The committee also compared the Government’s data protection standards alongside that of the private sector, and assessed the robustness of its recommendations by testing them against past data incidents.
“The committee then checked and satisfied itself that the recommended measures would have prevented or minimised the impact of the past data incidents in the public and public healthcare sector,” Mr Teo said.
RECENT DATA BREACHES
The Prime Minister’s Office announced on Mar 31 that it was forming the committee following several public data breaches.
In July 2018, 1.5 million SingHealth patients’ records – including that of Prime Minister Lee Hsien Loong – were accessed and copied, in what was the most serious breach of personal data in Singapore’s history.
READ: Personal data of more than 6,500 people 'inadvertently' leaked by Singapore Accountancy Commission
This was followed by the online leak in January of the HIV-positive status and personal information of 14,200 people from Singapore’s HIV registry.
And in March, the Health Sciences Authority revealed that the personal information of 808,201 blood donors was left exposed online for nine weeks the data was mishandled by one of its IT vendors.
In his letter to Mr Teo thanking the committee for its work, the Prime Minister said the Government takes its responsibility as a custodian of a vast amount of data “seriously”.
“We need to use and share data as fully as possible to provide better public services. In doing so, we must also protect the security of the data and preserve the privacy of individuals, and yet not stifle digital innovation,” Mr Lee wrote.
“This is especially so in healthcare, but it is true of every other field of Government too.”
Mr Teo said he does not expect the implementation of the measures to delay any Smart Nation initiatives, highlighting that the latter must go “hand in hand” with data security to gain the confidence of citizens and business users.
“The (Smart Nation) projects that we are rolling out now, we go in clear-eyed that these would be targets, that we have to bake (data) security into the design,” said Minister-in-charge of the Smart Nation initiative Vivian Balakrishnan, who also sits on the committee.

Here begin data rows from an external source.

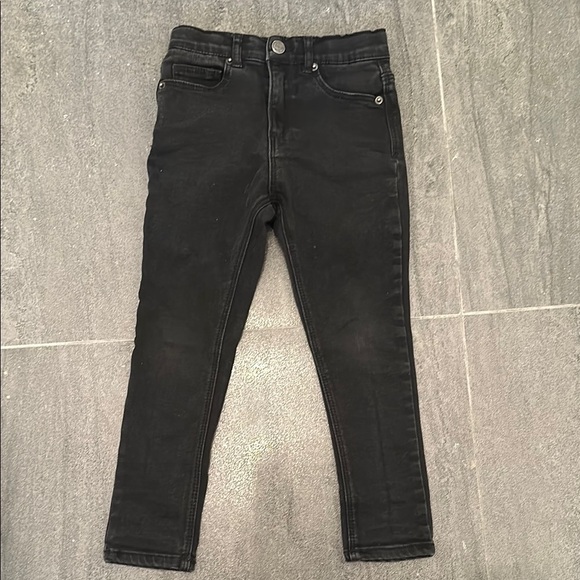 Zara Kids Black Jeans - Picture 1 of 4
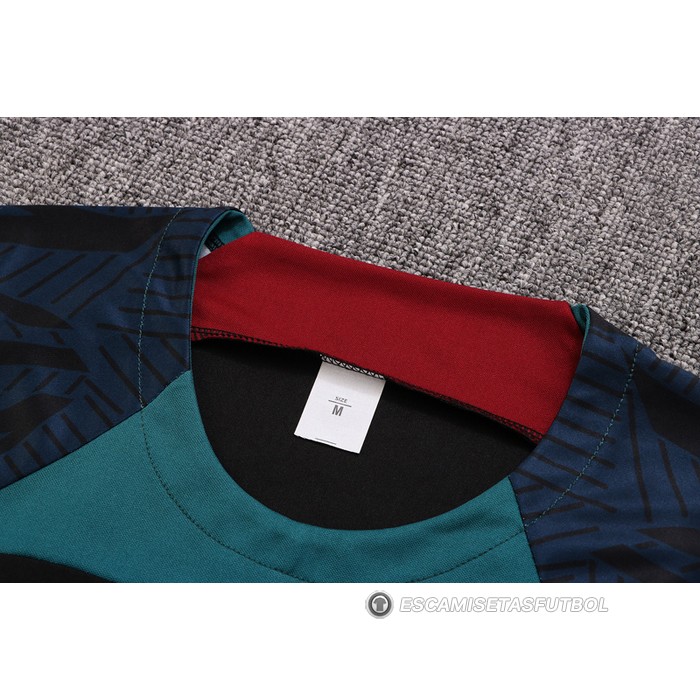 Chandal del Portugal Manga Corta 22-23 Negro - Pantalon Corto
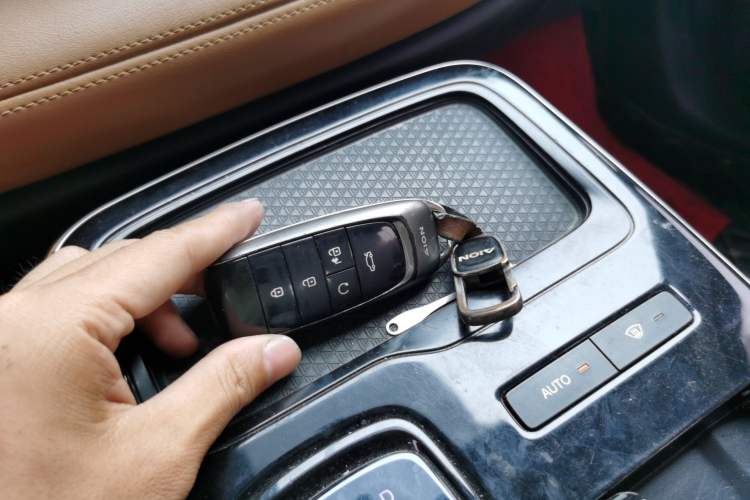 Used AION S 2023 Meizu 580 Lithium Iron Phosphate Vehicle Key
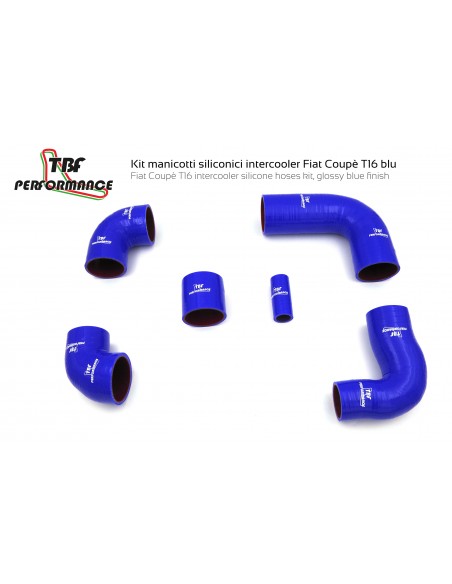 Coupè T16 intercooler hoses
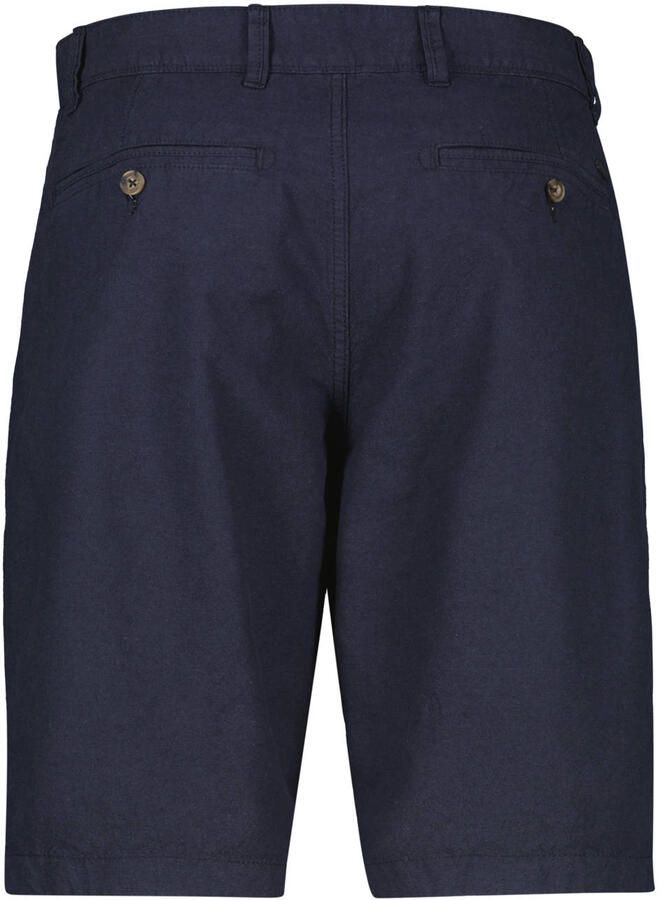 Lerros Chino-short Chino bermuda met linnen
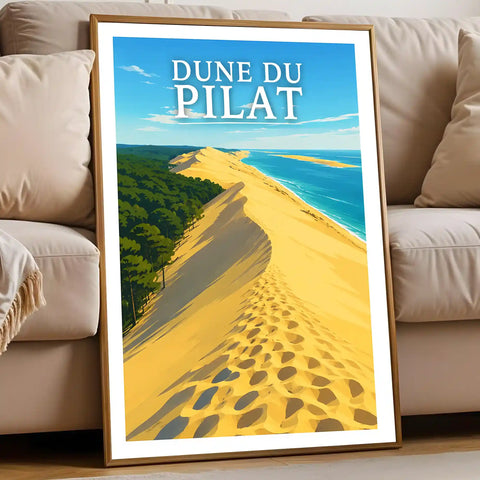 Affiche - Dune du Pilat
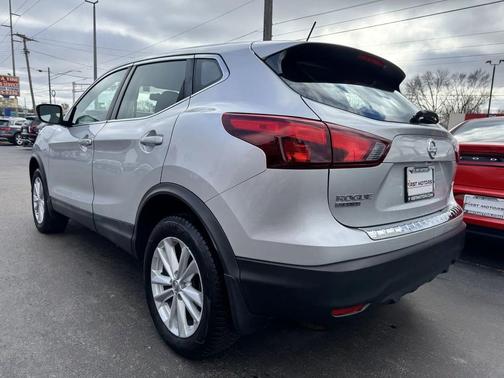 2018 Nissan Rogue Sport S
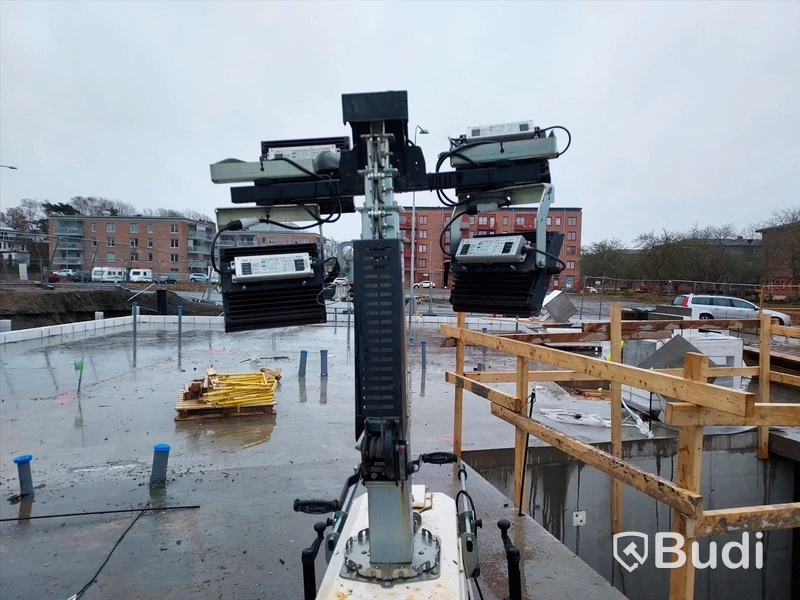 Generac belysningsmast led link T4
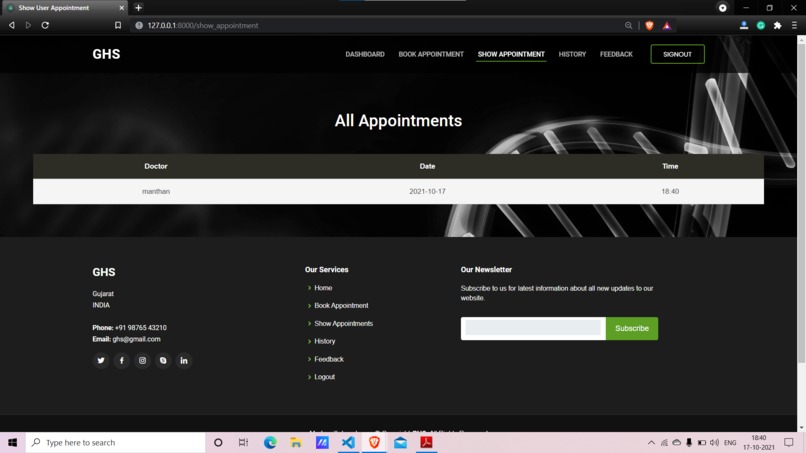 GHS - Global Healthcare System – screenshot 11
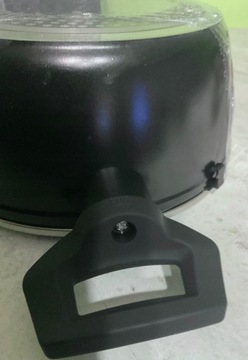 ПАРОВАРКА ДЛЯ ПАРОВАНИЯ 2 уровня СТЕКЛЯННЫЕ СИТА ИНДУКЦИОННЫЕ 20см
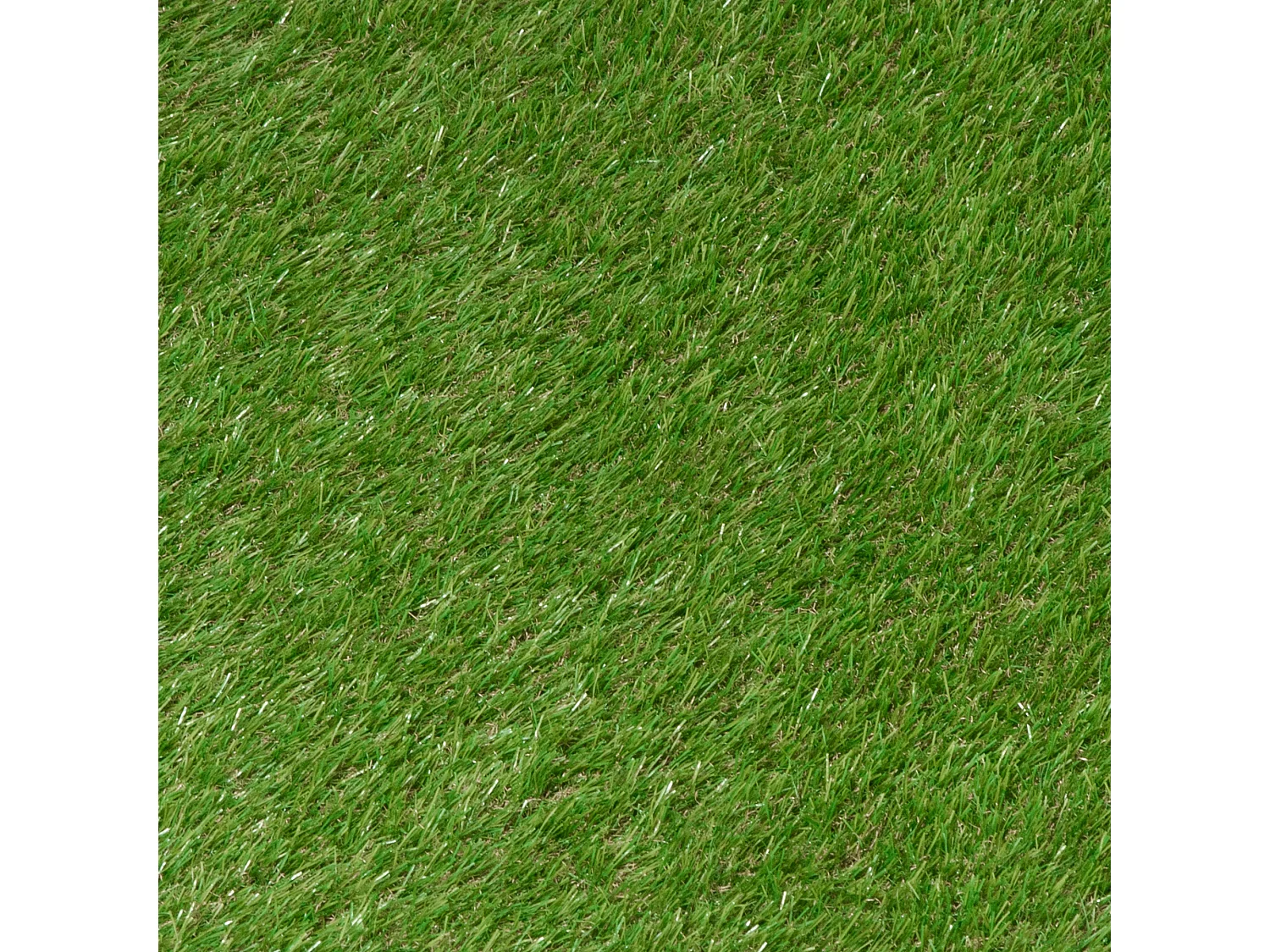 Césped artificial verde 300x100x2,5cm Outsunny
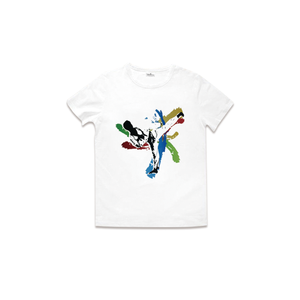 Camiseta de Taekwondo OEM 100% Algodón, Estilo Personalizado con Impresión, Equipo de Artes Marciales - Product Image 6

“If and when we detect that there are any critical threats, then clearly we will take a pause and we will review the situation before we move forward.”
In July, the committee had also recommended that the Government immediately deploy three readily available measures to improve data security.
These include having a data file integrity verification system, strengthening password and encryption requirements across more types of data files, and introducing prompts before public officers send out emails with sensitive data.
Mr Teo said these measures were implemented in October, reiterating that the remaining measures will follow expeditiously so “Singaporeans can be confident that the Government takes data security seriously and will do the utmost to protect citizens’ data”.